Week 6: Density Estimation¶

Assignments- Probability Clusters¶

In [2]:
import numpy as np
import matplotlib.pyplot as plt
from sklearn.datasets import make_blobs
from sklearn.mixture import GaussianMixture

# Set random seed for reproducibility
np.random.seed(42)

# ----------------------------------------------------
# 1. Generate Synthetic Data for Clustering
# ----------------------------------------------------
# We create 3 distinct clusters (blobs)
X, y_true = make_blobs(n_samples=500, centers=3,
                       cluster_std=1.0, random_state=42)

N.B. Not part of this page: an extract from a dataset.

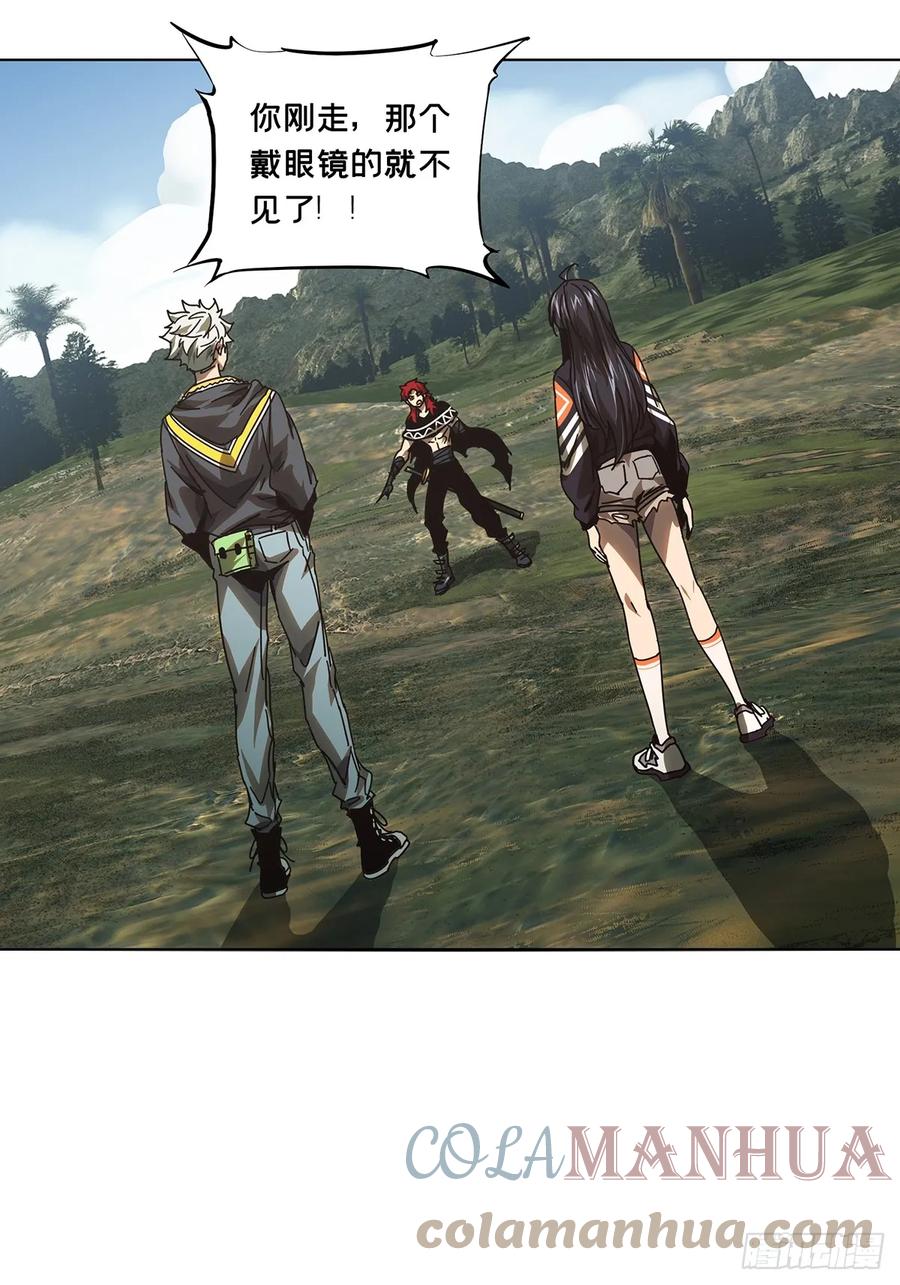 大象无形 第二百九十二章_入侵上 第31页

# ----------------------------------------------------
# 2. Fit Gaussian Mixture Model (Probabilistic Clustering)
# ----------------------------------------------------
# n_components=3 is chosen based on the knowledge of the generated data.
gmm = GaussianMixture(n_components=3, random_state=42)
gmm.fit(X)

# ----------------------------------------------------
# 3. Predict Cluster Assignments and Probabilities
# ----------------------------------------------------
probabilities = gmm.predict_proba(X)
cluster_labels = gmm.predict(X)

# ----------------------------------------------------
# 4. Visualization (Plotting Probabilistic Clusters)
# ----------------------------------------------------
plt.figure(figsize=(12, 6))

# --- Subplot 1: Scatter plot colored by assigned cluster ---
plt.subplot(1, 2, 1)
plt.scatter(X[:, 0], X[:, 1], c=cluster_labels, s=40, cmap='viridis')
plt.title('Hard Cluster Assignments (Max Probability)')
plt.xlabel('Feature 1')
plt.ylabel('Feature 2')

# --- Subplot 2: Scatter plot colored by probability of membership ---
plt.subplot(1, 2, 2)

# Select the highest probability for each point
max_prob = np.max(probabilities, axis=1)

# Plot, using alpha proportional to probability
plt.scatter(X[:, 0], X[:, 1], c=cluster_labels, s=100 * max_prob, alpha=max_prob, cmap='viridis')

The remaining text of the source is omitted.